Dataset entries

###

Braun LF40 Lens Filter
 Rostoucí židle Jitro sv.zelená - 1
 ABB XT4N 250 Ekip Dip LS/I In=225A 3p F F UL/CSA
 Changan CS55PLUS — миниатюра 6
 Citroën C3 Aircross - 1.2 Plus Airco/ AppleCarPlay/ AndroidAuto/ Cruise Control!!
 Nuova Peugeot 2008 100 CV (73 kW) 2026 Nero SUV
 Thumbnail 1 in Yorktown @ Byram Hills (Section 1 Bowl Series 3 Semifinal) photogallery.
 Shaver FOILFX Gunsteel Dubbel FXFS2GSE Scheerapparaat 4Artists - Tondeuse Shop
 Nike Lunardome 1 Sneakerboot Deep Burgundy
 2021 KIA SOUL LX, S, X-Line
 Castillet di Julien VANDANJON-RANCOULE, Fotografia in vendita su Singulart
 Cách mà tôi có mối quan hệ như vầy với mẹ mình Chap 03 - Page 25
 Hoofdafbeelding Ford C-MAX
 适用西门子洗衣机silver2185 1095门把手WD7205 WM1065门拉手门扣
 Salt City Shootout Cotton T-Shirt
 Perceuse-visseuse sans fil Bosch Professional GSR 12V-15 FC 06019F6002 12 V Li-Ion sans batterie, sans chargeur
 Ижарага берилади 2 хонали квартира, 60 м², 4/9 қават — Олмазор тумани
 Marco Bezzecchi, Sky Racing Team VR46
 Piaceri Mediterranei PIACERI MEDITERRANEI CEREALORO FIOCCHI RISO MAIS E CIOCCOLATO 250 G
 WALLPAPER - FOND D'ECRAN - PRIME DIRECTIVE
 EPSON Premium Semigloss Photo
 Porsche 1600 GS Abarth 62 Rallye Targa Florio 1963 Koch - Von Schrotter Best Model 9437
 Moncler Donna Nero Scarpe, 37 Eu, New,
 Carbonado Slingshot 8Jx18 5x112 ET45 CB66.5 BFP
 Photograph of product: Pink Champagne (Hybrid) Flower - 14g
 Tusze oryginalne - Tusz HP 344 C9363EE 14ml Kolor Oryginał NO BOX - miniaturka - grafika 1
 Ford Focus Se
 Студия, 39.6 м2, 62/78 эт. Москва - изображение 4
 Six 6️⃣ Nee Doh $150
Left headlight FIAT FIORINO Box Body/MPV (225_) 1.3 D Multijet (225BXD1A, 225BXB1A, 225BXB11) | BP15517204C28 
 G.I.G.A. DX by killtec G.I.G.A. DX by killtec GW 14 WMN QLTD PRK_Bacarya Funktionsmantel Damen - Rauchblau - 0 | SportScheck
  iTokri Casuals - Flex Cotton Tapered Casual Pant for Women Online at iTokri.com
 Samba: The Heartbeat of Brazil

###

- TASK TO CARRY OUT: Give back exactly the lines from the beginning of the records through the line containing "Nuova Peugeot 2008", and only those.

- RESPONSE TO THIS TASK:
Braun LF40 Lens Filter
 Rostoucí židle Jitro sv.zelená - 1
 ABB XT4N 250 Ekip Dip LS/I In=225A 3p F F UL/CSA
 Changan CS55PLUS — миниатюра 6
 Citroën C3 Aircross - 1.2 Plus Airco/ AppleCarPlay/ AndroidAuto/ Cruise Control!!
 Nuova Peugeot 2008 100 CV (73 kW) 2026 Nero SUV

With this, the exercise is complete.